━━━━━ Given material

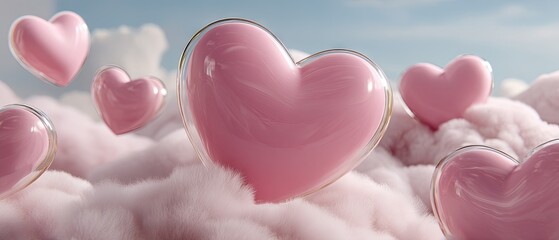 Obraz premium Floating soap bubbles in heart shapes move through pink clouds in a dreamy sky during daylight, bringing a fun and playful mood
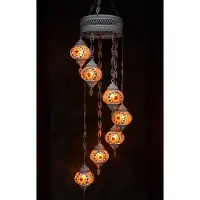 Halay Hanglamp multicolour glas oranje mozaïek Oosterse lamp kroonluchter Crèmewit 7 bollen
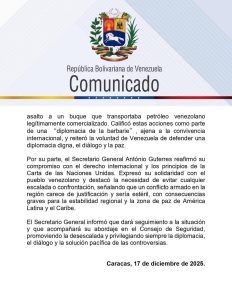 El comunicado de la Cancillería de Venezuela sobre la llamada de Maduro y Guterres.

━━━━━━━━━━

**The problem:**
Exact lines, nothing more: output the one with "Halay Hanglamp multicolour" and every later line through the end of the data, skipping pictures.

**Output below:**
 Halay Hanglamp multicolour glas oranje mozaïek Oosterse lamp kroonluchter Crèmewit 7 bollen
 El comunicado de la Cancillería de Venezuela sobre la llamada de Maduro y Guterres.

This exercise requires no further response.